Tell Them of Battles, Kings and Elephants by Mathias Enard

Tell Them of Battles, Kings and Elephants by Mathias Enard

Author:Mathias Enard [Enard, Mathias]
Language: eng
Format: epub
ISBN: 9781910695708
Publisher: Fitzcarraldo Editions
Published: 2018-12-15T05:00:00+00:00


¶ In one of the pendentives in the Sistine Chapel, opposite the panel on which Judith is majestically carrying the head of Holofernes, David is getting ready to decapitate Goliath; his arm, in pure blue pigment, wields a broad scimitar parallel to the ground; a spot of light falls on his shoulder, twisted from the effort.

Of course, Michelangelo is not now thinking of these frescoes, which he will bring into being three years from now, and which will earn him even more measureless glory; right now, he just has a bridge in mind, a bridge whose design he wants to finish as promptly as possible so he can receive his wages and leave this disturbing city, at once familiar and resolutely other, through which he nevertheless doesn’t get tired of strolling and gathering images, faces and colours.
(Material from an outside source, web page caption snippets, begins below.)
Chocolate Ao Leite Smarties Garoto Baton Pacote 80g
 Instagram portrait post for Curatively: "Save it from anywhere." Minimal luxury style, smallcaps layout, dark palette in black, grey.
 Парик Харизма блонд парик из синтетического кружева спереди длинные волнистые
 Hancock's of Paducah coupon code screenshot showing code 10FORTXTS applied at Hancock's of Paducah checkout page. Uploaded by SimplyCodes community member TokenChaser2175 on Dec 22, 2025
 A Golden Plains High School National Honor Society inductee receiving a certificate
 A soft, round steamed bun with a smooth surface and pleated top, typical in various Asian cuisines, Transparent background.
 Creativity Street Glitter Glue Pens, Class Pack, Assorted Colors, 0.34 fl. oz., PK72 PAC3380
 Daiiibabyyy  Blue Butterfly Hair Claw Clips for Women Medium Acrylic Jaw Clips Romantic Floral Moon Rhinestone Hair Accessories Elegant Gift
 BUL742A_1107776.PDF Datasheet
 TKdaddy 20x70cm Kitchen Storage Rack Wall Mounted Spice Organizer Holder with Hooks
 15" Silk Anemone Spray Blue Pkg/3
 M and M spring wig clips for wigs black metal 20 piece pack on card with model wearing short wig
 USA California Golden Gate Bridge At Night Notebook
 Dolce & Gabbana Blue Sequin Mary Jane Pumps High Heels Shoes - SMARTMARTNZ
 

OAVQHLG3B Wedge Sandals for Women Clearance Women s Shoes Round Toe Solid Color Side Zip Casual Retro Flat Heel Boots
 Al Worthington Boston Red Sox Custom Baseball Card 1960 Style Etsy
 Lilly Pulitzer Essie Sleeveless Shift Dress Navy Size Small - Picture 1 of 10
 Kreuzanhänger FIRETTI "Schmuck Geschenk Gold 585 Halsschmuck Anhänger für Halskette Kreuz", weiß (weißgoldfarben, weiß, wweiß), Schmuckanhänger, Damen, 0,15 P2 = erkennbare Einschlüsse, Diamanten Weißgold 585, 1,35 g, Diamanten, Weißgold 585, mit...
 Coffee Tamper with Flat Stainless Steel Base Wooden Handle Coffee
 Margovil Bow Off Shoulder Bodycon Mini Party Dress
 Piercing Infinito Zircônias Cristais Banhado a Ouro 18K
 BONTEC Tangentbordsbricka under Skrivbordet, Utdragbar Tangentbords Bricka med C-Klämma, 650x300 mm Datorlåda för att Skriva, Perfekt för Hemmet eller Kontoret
Michelangelo works – that is, he draws in the morning, as soon as the dawn light permits him; then Manuel comes to read to him and he dozes off a little. Towards evening, he walks with Mesihi, whose company he appreciates as much as his beauty. He leaves him before nightfall, when the poet invariably goes to the tavern to get drunk until dawn.

Michelangelo was not very handsome, with a forehead that was too broad, a crooked nose – broken during a brawl in his youth – bushy eyebrows, ears that stuck out a little. He couldn’t stand his own face, it was said. It was often said that if he sought perfection of features, beauty in faces, it’s because he himself lacked them completely. Only old age and fame would give him an unparalleled aura, like a kind of patina on an object that started out ugly. Perhaps it’s in this frustration that we can find the energy of his art; in the violence of the era, in the humiliation of artists, in rebellion against nature, in the lure of money, the inextinguishable thirst for advancement and glory that is the most powerful of motivators.

Michelangelo is searching for love.

Michelangelo is afraid of love just as he’s afraid of Hell.

He looks away when he feels Mesihi’s gaze resting on him.